_How to complete this task_: Only the lines from the one containing "MBF MBF-MINING 4P" through the end of the data below are to be repeated, exactly as given, without pictures.

_Data below_:

---

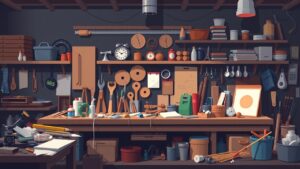 Een rommelige werkbank vol handgemaakte items en digitale producten.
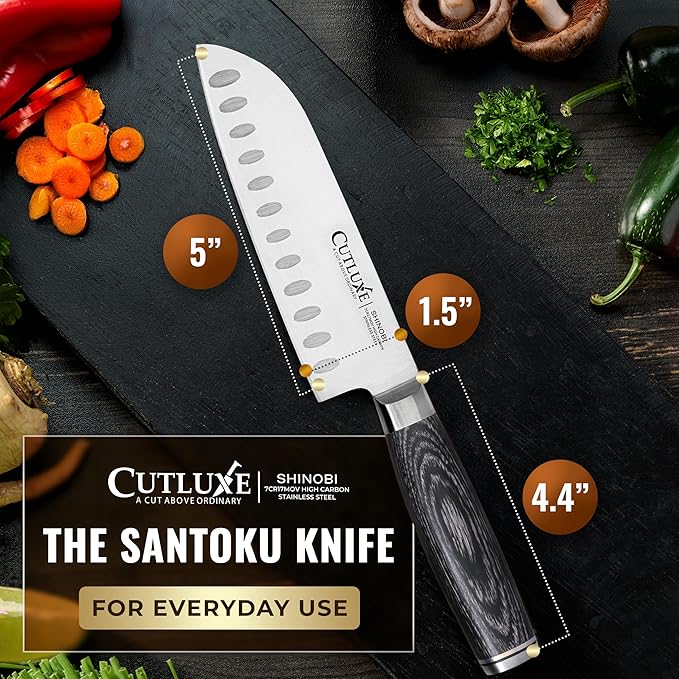 Cutluxe Santoku Knife – Ultra Sharp 5 Inch Vegetable Japanese Knife for Chopping, High Carbon Stainless Steel Blade, Full Tang Pakkawood Handle – Shinobi Series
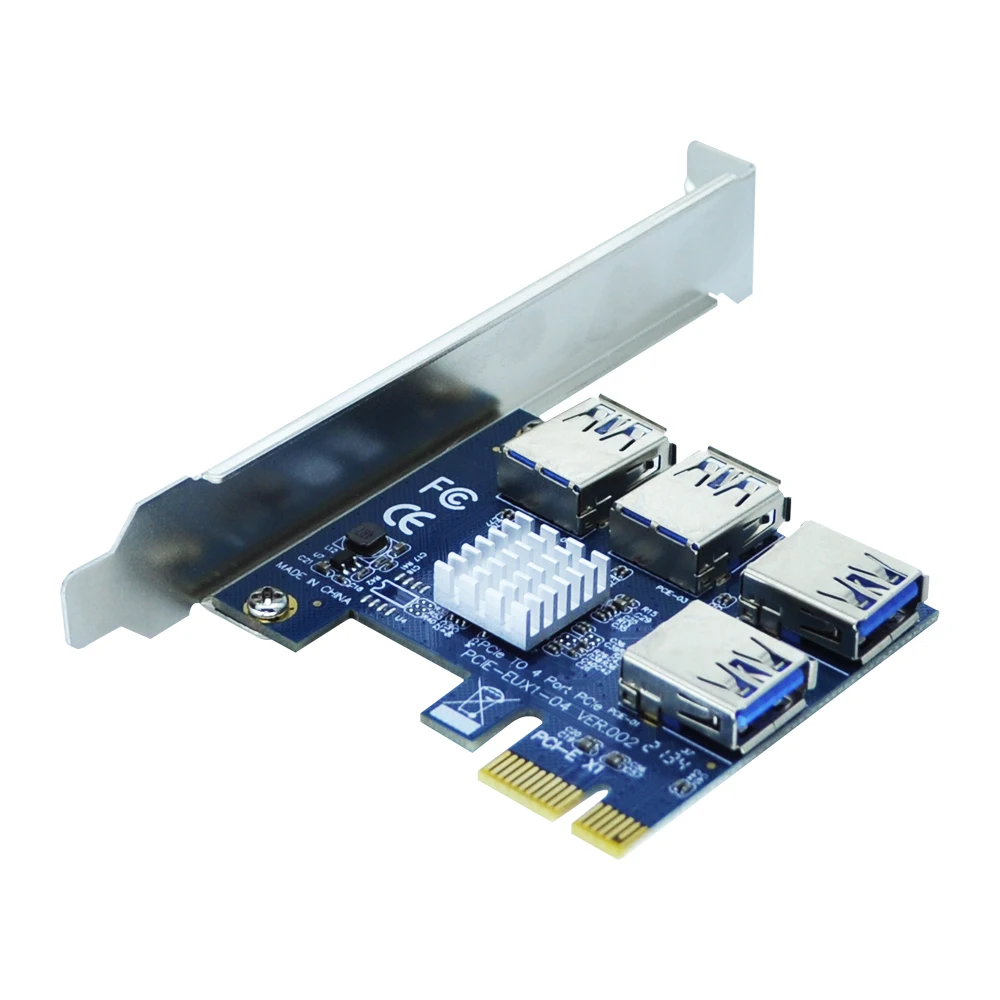 MBF MBF-MINING 4P PCI-E USB3.0 Multi 4 Portraizer Card Adapter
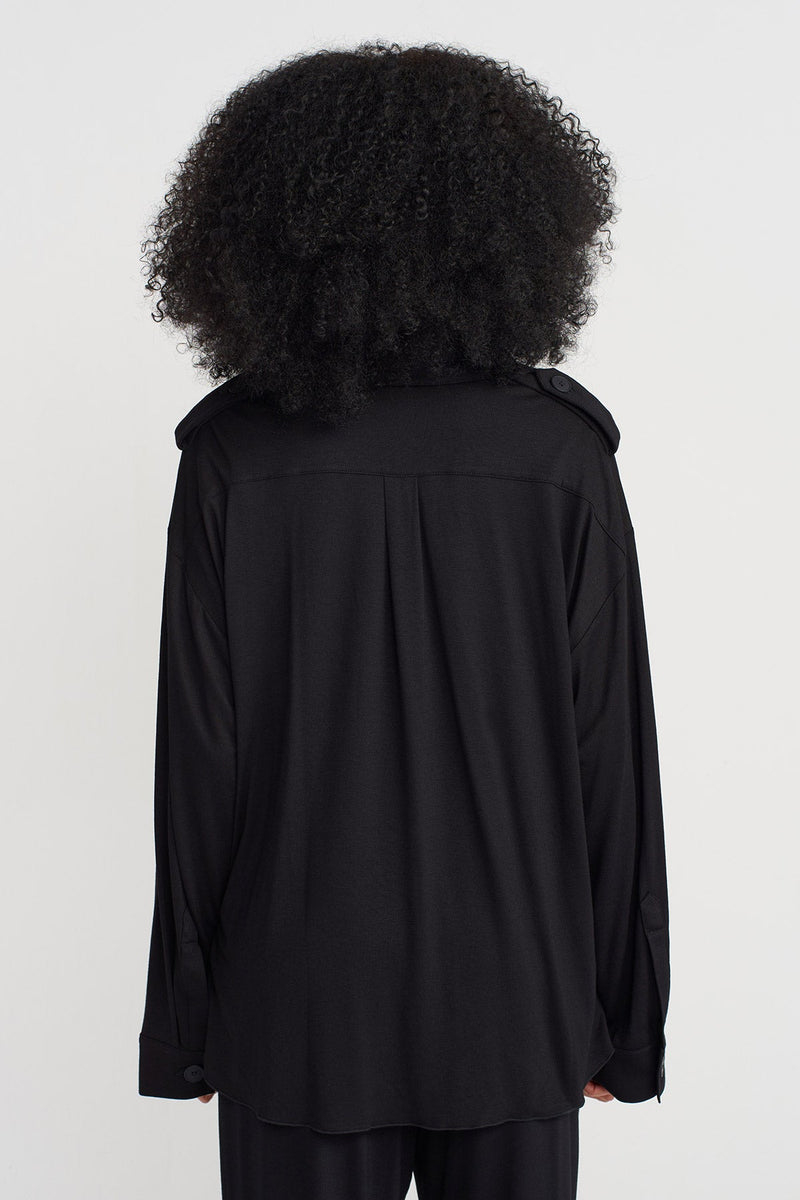 Nu V Shirt Collar Blouse Black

---

_Written solution_:
 MBF MBF-MINING 4P PCI-E USB3.0 Multi 4 Portraizer Card Adapter
 Nu V Shirt Collar Blouse Black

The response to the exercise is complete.